◆ **TASK OBJECTIVE**:
Where does the word "Street" show up in the records? Copy every line that has it.

◆ **DATA RECORDS**:
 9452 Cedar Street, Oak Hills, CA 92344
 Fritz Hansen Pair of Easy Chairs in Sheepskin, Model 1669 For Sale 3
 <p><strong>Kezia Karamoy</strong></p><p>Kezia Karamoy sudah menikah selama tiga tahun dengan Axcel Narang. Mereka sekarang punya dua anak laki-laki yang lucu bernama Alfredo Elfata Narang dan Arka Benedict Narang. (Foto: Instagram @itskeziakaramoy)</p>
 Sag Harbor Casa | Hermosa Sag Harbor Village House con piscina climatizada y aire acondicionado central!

--

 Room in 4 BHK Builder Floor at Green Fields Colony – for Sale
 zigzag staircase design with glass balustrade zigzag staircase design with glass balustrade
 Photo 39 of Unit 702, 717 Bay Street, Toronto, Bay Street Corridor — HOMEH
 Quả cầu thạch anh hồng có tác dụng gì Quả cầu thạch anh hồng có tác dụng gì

◆ **RESPONSE TO THIS EXERCISE**:
 9452 Cedar Street, Oak Hills, CA 92344
 Photo 39 of Unit 702, 717 Bay Street, Toronto, Bay Street Corridor — HOMEH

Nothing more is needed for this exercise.